Provider adapters may register canonicalizers.

Example Microsoft/Intune canonicalization behind adapter seam:

```text
All users
All devices
Default role scope tag
Known provider-default assignment targets
Known provider-default foundation resources
```

These must resolve by provider discriminator/type/canonical key, not display name.

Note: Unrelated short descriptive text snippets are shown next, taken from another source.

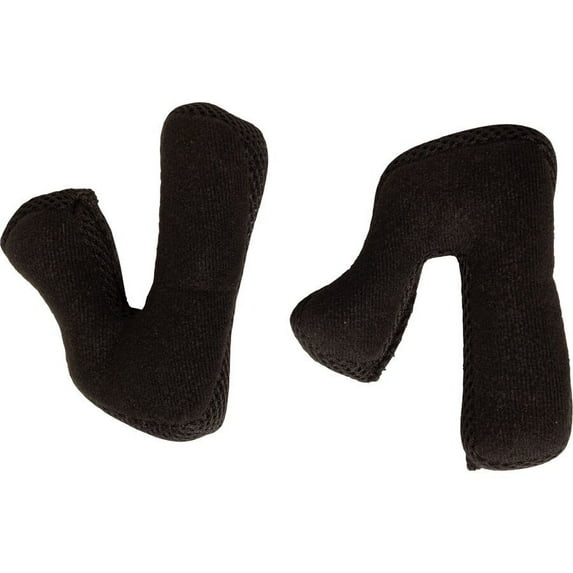 Fox Racing 2022 V1 Youth Helmet Cheek Pads Black SM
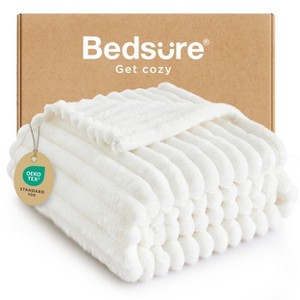 Bedsure | Indulge in Comfort Bed Blanket with Unique Chunky Corduroy Texture - 1 of 4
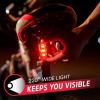 imageEnergizer Bike Light 130 Lumen Weather Resistant Clip Light for Bicycles Batteries Included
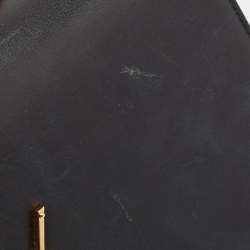 Saint Laurent Black Leather Medium Kate Tassel Shoulder Bag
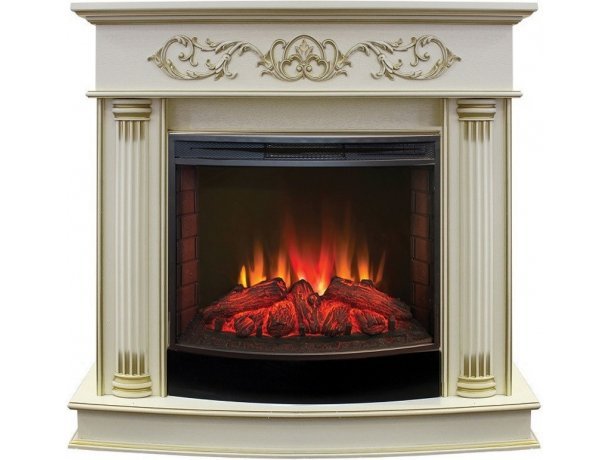 Каминокомплект RealFlame Milano 25 с очагом Evrika 25,5 LED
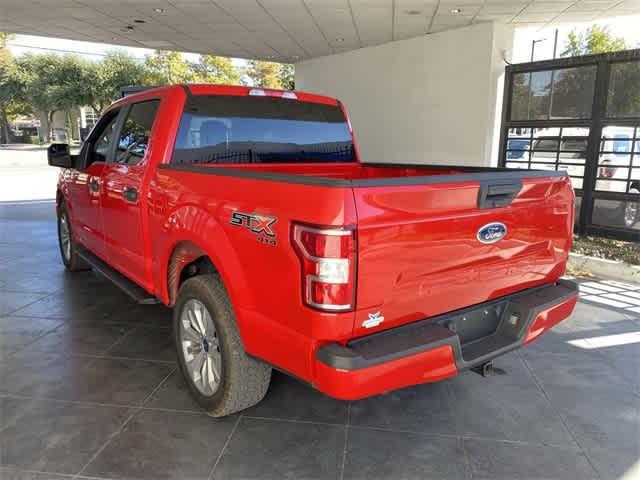 used 2018 Ford F-150 car, priced at $25,999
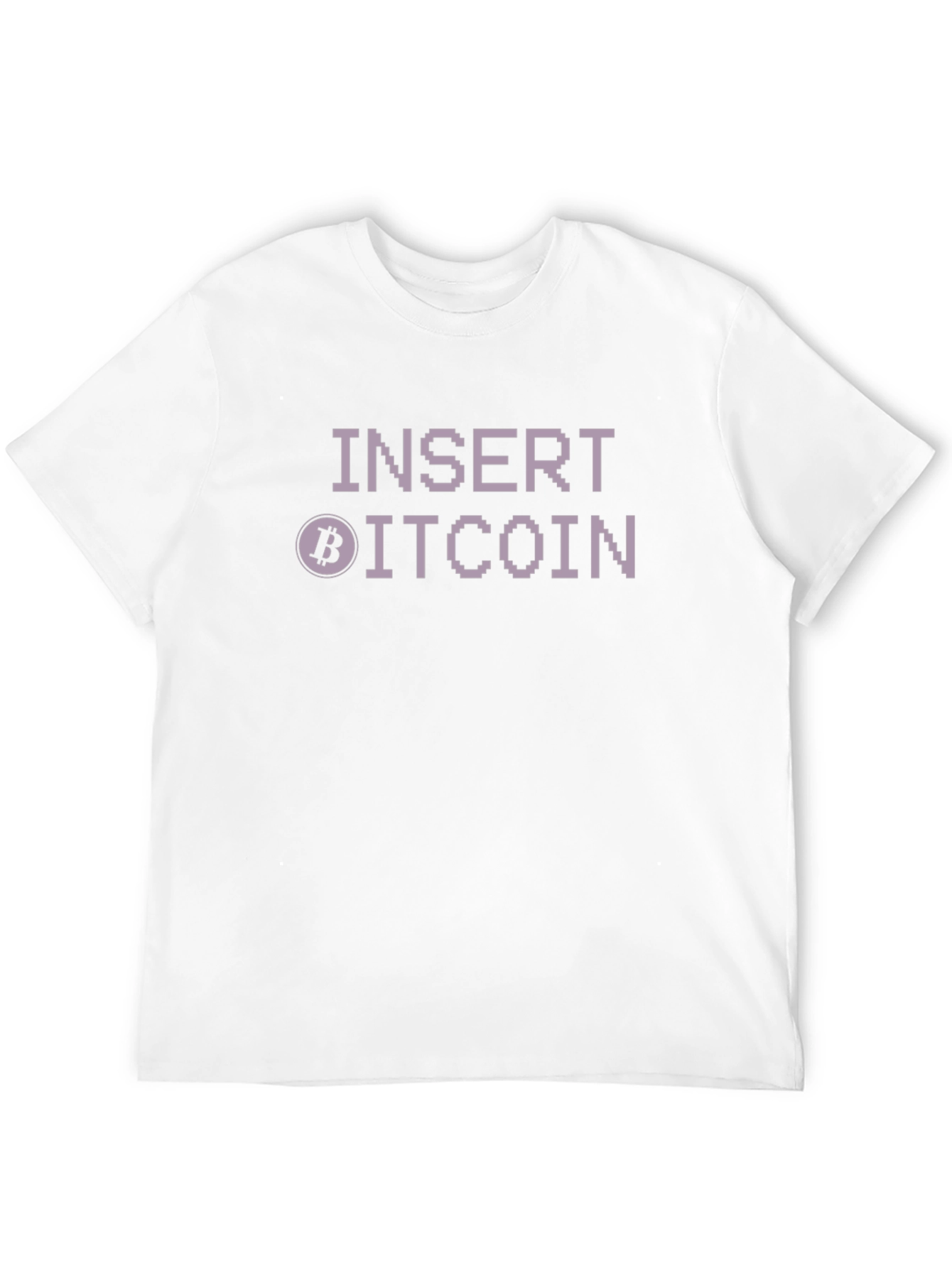 Insert Bitcoin Graphic Tee
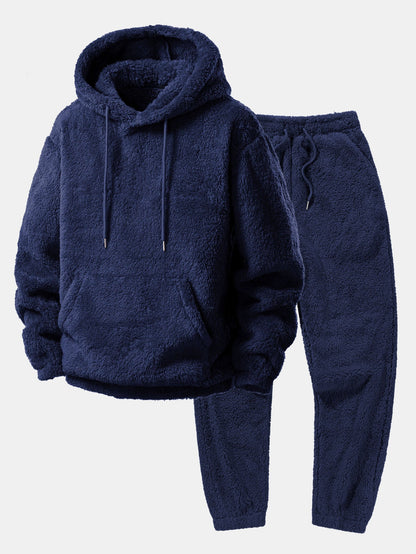 ODINE MILANO FLEECE LOUNGE SET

## Foundation Coverage Registry

The registry must classify resource classes as:

```text
fully_comparable
inventory_only
canonical_only
unsupported
excluded_by_profile
requires_manual_binding
```

Foundation objects must not be forced into policy-backed comparison.

Examples:

```text
roleScopeTag default            -> canonical built-in/default if provider identifies it
roleScopeTag tenant-owned       -> foundation resource by provider object ID
assignmentFilter tenant-owned   -> foundation inventory/comparable depending capability
notificationMessageTemplate     -> foundation/config object depending capability
```

## Integration Points

Expected areas to inspect/modify:

- `BaselineCompareService`
- `CompareBaselineToTenantJob`
- `SubjectResolver`
- `ResolutionOutcome`
- `IntuneCompareStrategy`
- `CompareStrategyRegistry`
- `InventoryPolicyTypeMeta`
- `BaselineSupportCapabilityGuard`
- `GovernanceSubjectTaxonomyRegistry`
- provider gateway / provider adapter seams
- Graph contract registry integration where applicable

## Result Contract

The matching pipeline should return a typed result, for example:

```text
resolved_exact_identity
resolved_active_binding
resolved_canonical_builtin
resolved_canonical_virtual_target
resolved_unique_fallback
unresolved_ambiguous_match
missing_provider_resource
missing_local_evidence
unsupported_resource_class
foundation_inventory_only
excluded_non_governed
accepted_limitation
```

Spec 382 will formalize result semantics, but Spec 381 must produce enough structure for that follow-up.

## Acceptance Criteria

- Baseline compare uses matching pipeline before display-name fallback.
- Built-ins/virtual targets can be resolved by provider canonicalizer.
- Tenant-owned duplicate names remain unresolved unless an active binding exists.
- Foundation inventory-only resources no longer produce false policy-backed matching attempts.
- Existing compare strategies still receive matched baseline/current resources where possible.
- No core class hardcodes Microsoft display names.
- Fake provider can register canonical built-ins and resolve them.
- YPTW2-style cases are representable:
  - `All users` / `All devices` canonicalized,
  - `default roleScopeTag` canonicalized or foundation-classified,
  - tenant-owned duplicate Settings Catalog policies remain ambiguous until binding,
  - assignment filters and notification templates are classified by capability.

## Required Tests

- Built-in canonical object resolves without ambiguity.
- Virtual assignment target resolves without display-name matching.
- Tenant-owned duplicate display names remain unresolved.
- Active manual binding resolves duplicate candidate.
- Display-name fallback is only used after identity/canonical/binding attempts fail.
- Foundation inventory-only object returns inventory-only limitation, not `foundation_not_policy_backed`.
- Unsupported resource class returns unsupported result.
- Fake provider canonicalization contract test.
- Microsoft/Intune adapter does not leak display-name logic into core.

## Validation Commands

```bash
cd apps/platform && ./vendor/bin/sail artisan test --compact tests/Feature/Baselines/BaselineCompareAmbiguousMatchGapTest.php tests/Feature/Baselines/BaselineCompareGapClassificationTest.php
```

```bash
cd apps/platform && ./vendor/bin/sail artisan test --compact tests/Unit/Support/Baselines/SubjectResolverTest.php
```

Add new tests for the matching pipeline and canonicalizer registry.

## Risks

- Accidentally making display-name fallback look authoritative.
- Hiding real duplicate tenant resources through over-aggressive canonicalization.
- Hardcoding Microsoft-specific behavior into core.
- Breaking existing compare strategy expectations.

## Recommendation

Implement this second.

This candidate fixes the core matching failure mode while still avoiding UI and evidence/review changes.